The Seat: Okay, this one threw me for a loop. When I chose the seat online, I thought I was getting a bulkhead seat aboard this KLM 737-900 and I was. KLM’s Europe Business Class looks just like a normal economy cabin but with slightly more legroom than in back. What’s interesting is the moveable divider that allows the airline to adjust how far back this section can go. I’m not entirely sure when they do this or if it’s something they do by length of flight (…or whatever). What I DO know is that if you booked regular economy and are given the option of sitting in rows 10 or below, then you absolutely should take it as you’ll benefit from the added legroom and power outlets these rows provide.
Legroom in these up-front rows is just slightly better than what you’ll find in a typical economy configuration (33″ of seat pitch). With the exception of the exit row (KLM charges extra for these), you’ll be jammed into a pretty tight space …a whopping 30″ of seatpitch. Roughly 2″ less than what’s offered aboard a mainline US carrier in economy.
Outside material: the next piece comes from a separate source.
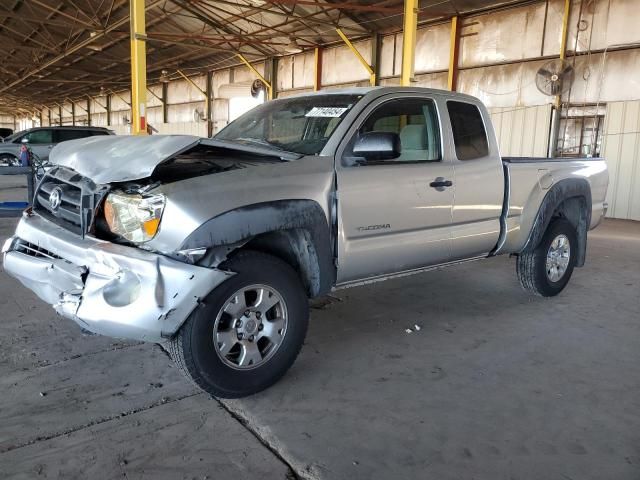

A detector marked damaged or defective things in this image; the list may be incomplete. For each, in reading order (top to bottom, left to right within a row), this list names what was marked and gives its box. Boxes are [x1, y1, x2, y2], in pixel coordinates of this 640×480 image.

crumpled hood [49, 135, 199, 184]
damaged front bumper [1, 216, 232, 344]
front-end collision damage [2, 216, 232, 344]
Service: New levels of nothing special. Everyone said hello, everyone said goodbye. This was a well practiced routine full of scripts and half-smiles.
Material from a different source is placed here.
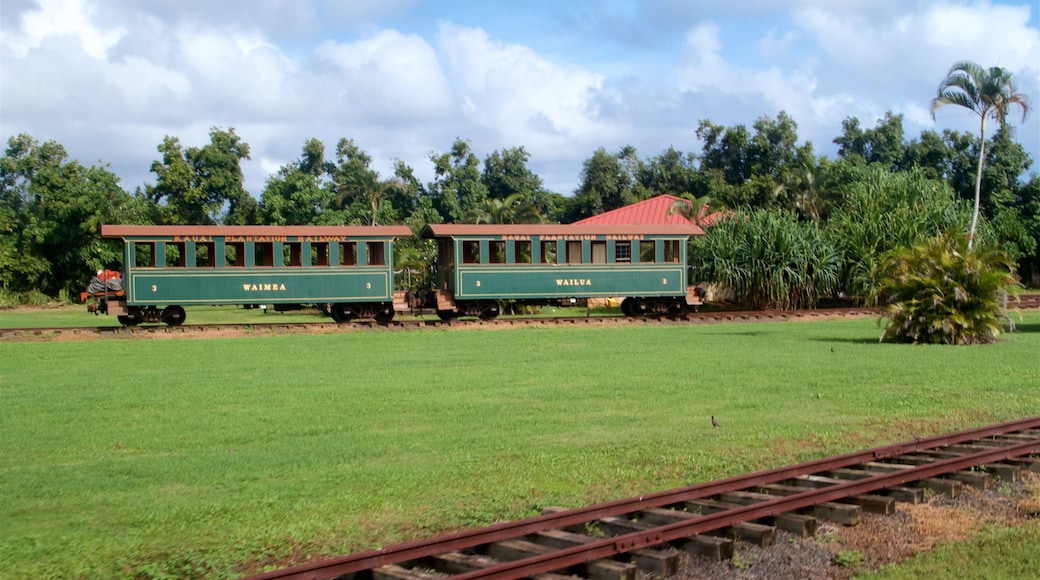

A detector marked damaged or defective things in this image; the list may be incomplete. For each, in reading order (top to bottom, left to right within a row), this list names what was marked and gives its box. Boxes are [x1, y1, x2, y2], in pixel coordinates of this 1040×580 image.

rusty rail track [248, 416, 1040, 580]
Food: The cheese buscuit style snack was bland and barely cheesy. Maybe my near-dairlyland upbringing makes me a little picky but it was truly nothing special. Buy some Doritos before you board.
Summary: When it comes to reviewing economy seats, I’d like to spend more time on ones that are considered “premium” or provide some sort of advantage (exit rows, bulkheads, extra legroom seats). This one was technially a normal economy seat, but had the legroom of the premium cabin and a standard power port for charging my gadgets. Anything rows 1-10 offer these features. Nice seats if you can get them at economy prices.
Rating: 4 hops (of 5).
Strategy: Book a typical economy ticket aboard KLM at their website (or if you’d like to help us out). If seats in the premium section are blocked, have another look when you check in. If there’s a charge for these seats, it will depend on your financial judgement whether the deal they offer is a good one but the couple extra inches of legroom might help
How I got it: Off peak fare offered by Delta. I obsessively check the “mileage run” board at flyertalk.com to see what insane routings people can fly to build status with airlines. Ocassionally, a deal will pop up that isn’t neccearily a great mileage run, but is a great fare. In this case it was just over $300 (taxes included) to London (via Amsterdam).